Every entry should be reproduced precisely, with each picture left out.

Entries taken from a collection >>
****
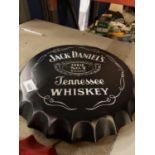 A VINTAGE STYLE BOTTLE TOP WALL HANGING SIGN 'JACK DANIELS' 35CM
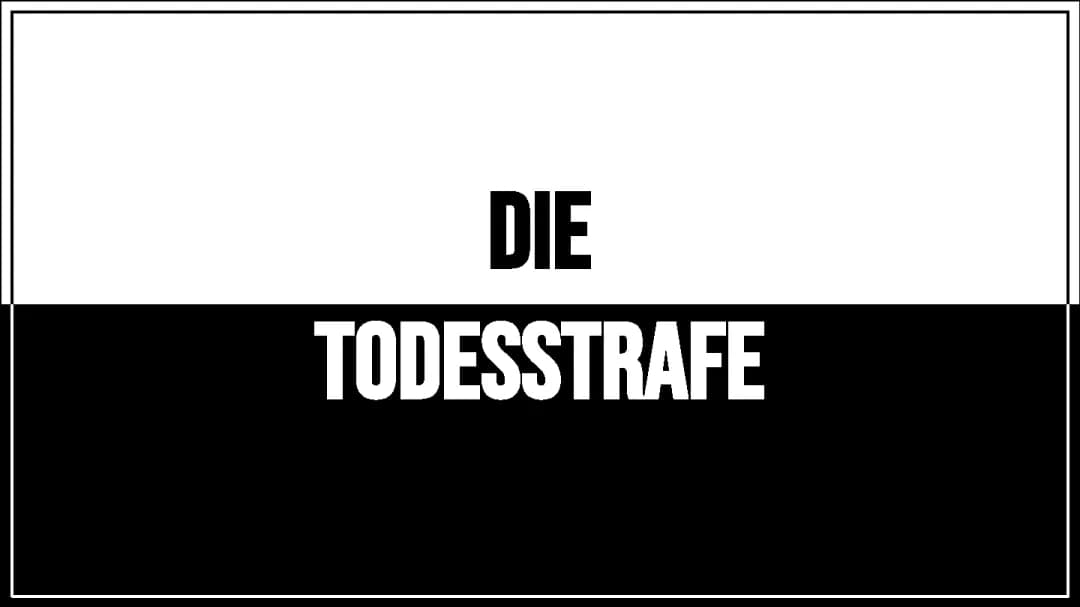 Alles zur Todesstrafe: Pro und Kontra, Fakten und Statistiken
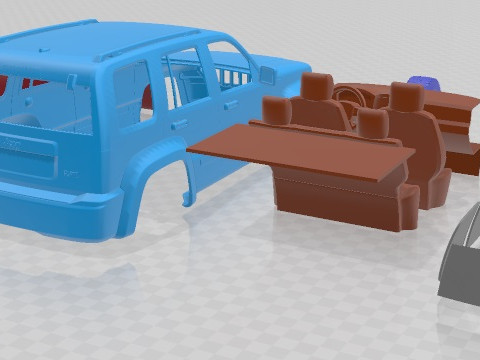 Jeep Liberty 2008 SUV Printable Car Modelo de impresión 3D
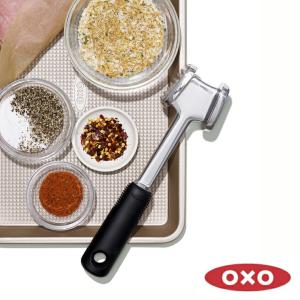 OXO ミートテンダライザー /筋切り お肉を柔らかく ミートソフター 筋切り機 肉筋切り器 肉叩き ミートハンマー｜shokkishibuya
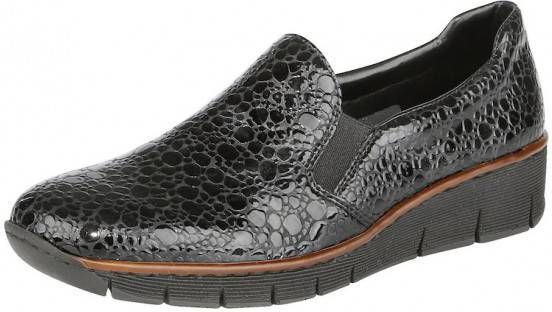 Rieker dames instapschoenen Zwart - Damesschoenen.nl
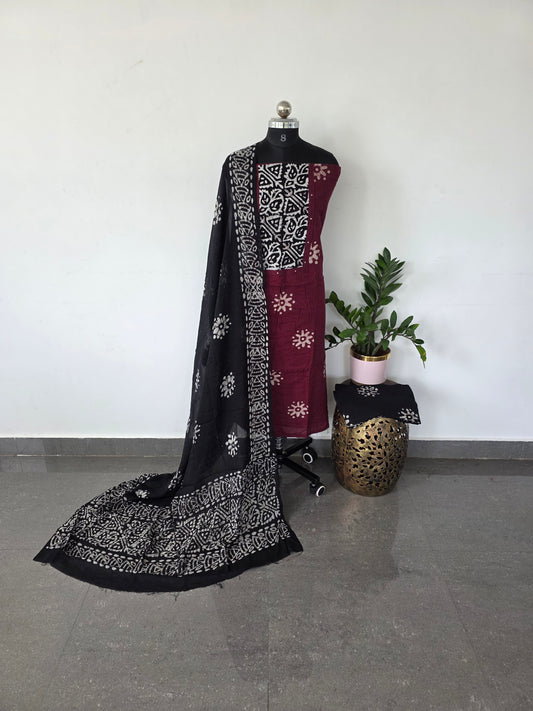 Pure kantha batik cotton set  - BA1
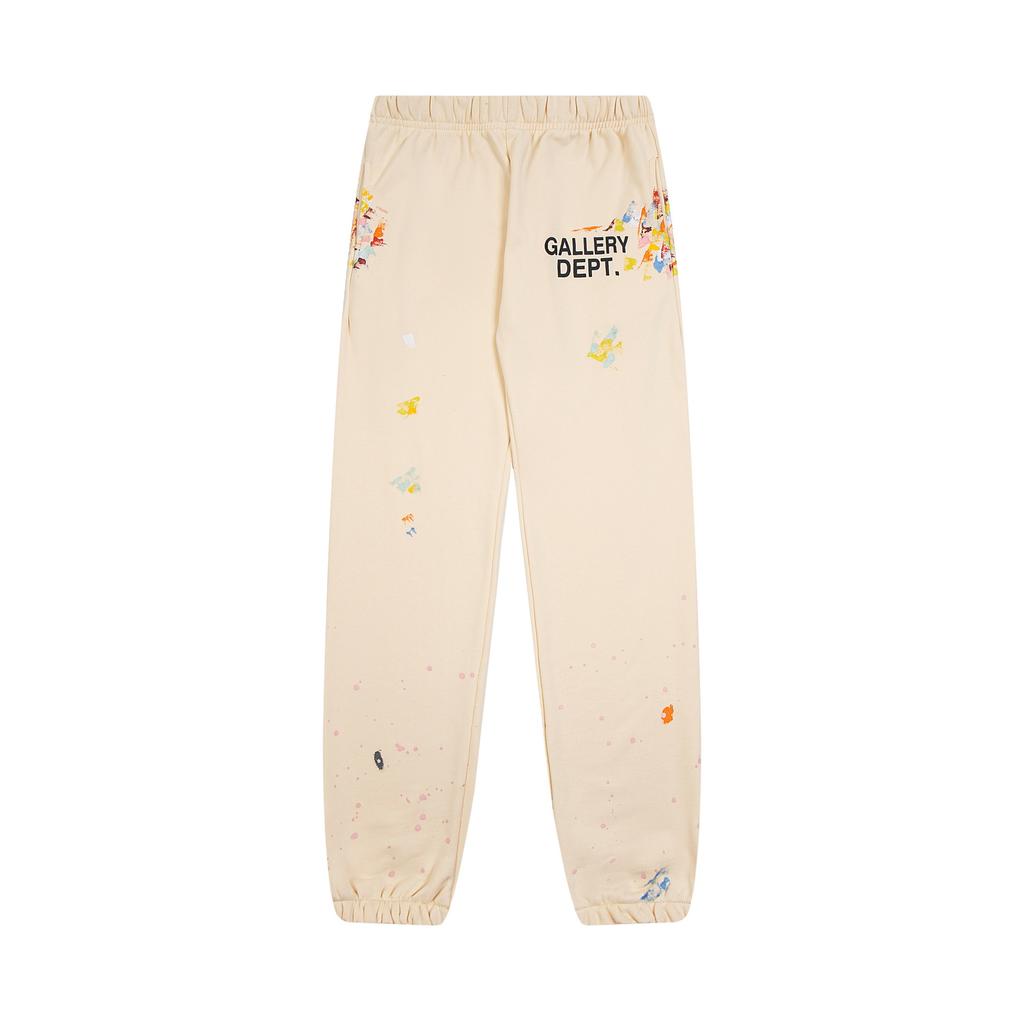 Cross-border Foreign Trade G D Splashing Ink Graffiti Casual Loose Trousers Splicing Couple Leggings Sweatpants Tide Men and Women the Same Style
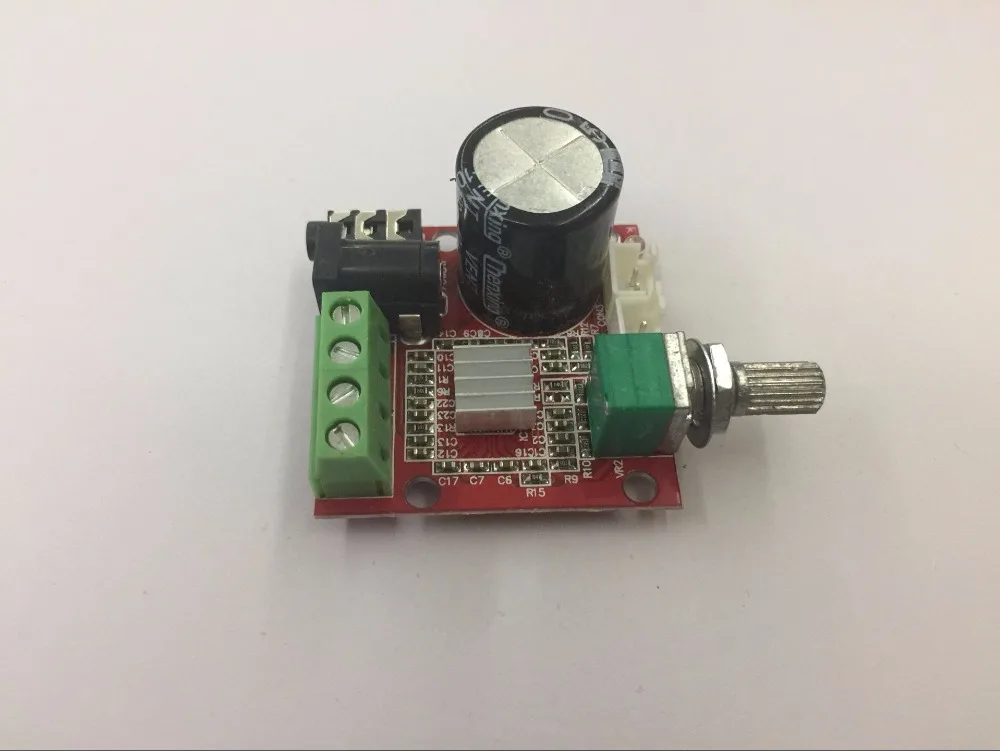 1 шт. 12 В 2*10 Вт двухканальный D класса Hi Fi PAM8610 аудио стереоусилитель плата качество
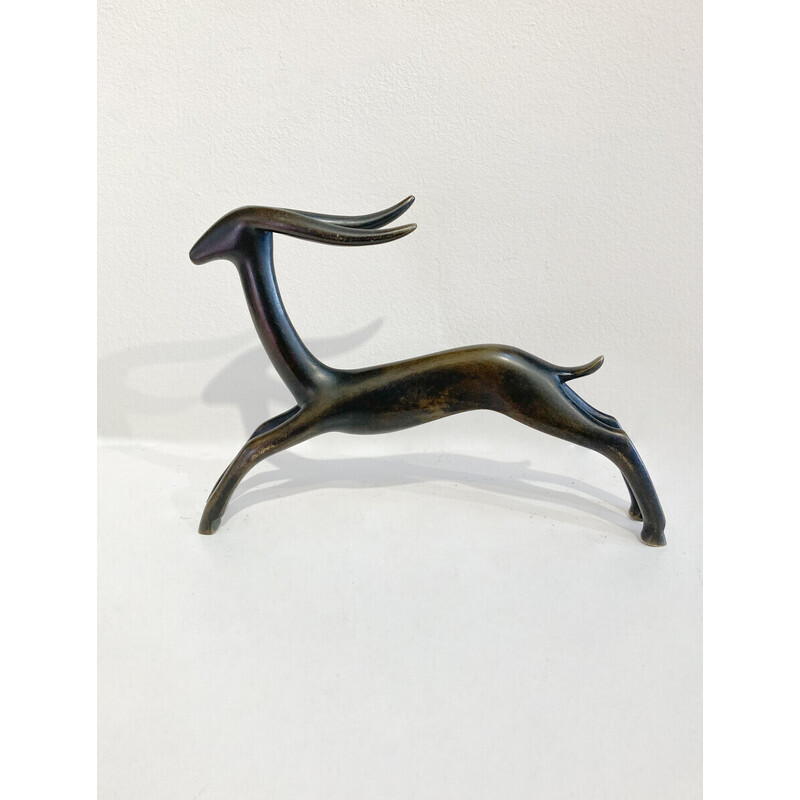 Vintage bronzen sculptuur van Carlo Scarpa, Italië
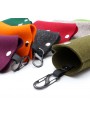 Press-stud felt cases with carabiner
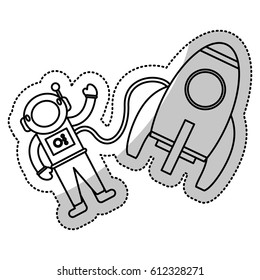 astronaut rocket exploration outline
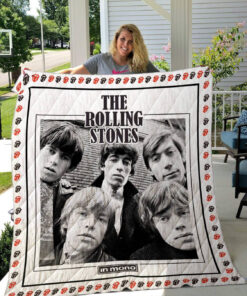 The Rolling Stones Merch In Mono Premium Quilt Blanket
****
THE ANSWER >>
 A VINTAGE STYLE BOTTLE TOP WALL HANGING SIGN 'JACK DANIELS' 35CM
 Alles zur Todesstrafe: Pro und Kontra, Fakten und Statistiken
 Jeep Liberty 2008 SUV Printable Car Modelo de impresión 3D
 OXO ミートテンダライザー /筋切り お肉を柔らかく ミートソフター 筋切り機 肉筋切り器 肉叩き ミートハンマー｜shokkishibuya
 Rieker dames instapschoenen Zwart - Damesschoenen.nl
 Pure kantha batik cotton set  - BA1
 Cross-border Foreign Trade G D Splashing Ink Graffiti Casual Loose Trousers Splicing Couple Leggings Sweatpants Tide Men and Women the Same Style
 1 шт. 12 В 2*10 Вт двухканальный D класса Hi Fi PAM8610 аудио стереоусилитель плата качество
 Vintage bronzen sculptuur van Carlo Scarpa, Italië
 Press-stud felt cases with carabiner
 astronaut rocket exploration outline
 The Rolling Stones Merch In Mono Premium Quilt Blanket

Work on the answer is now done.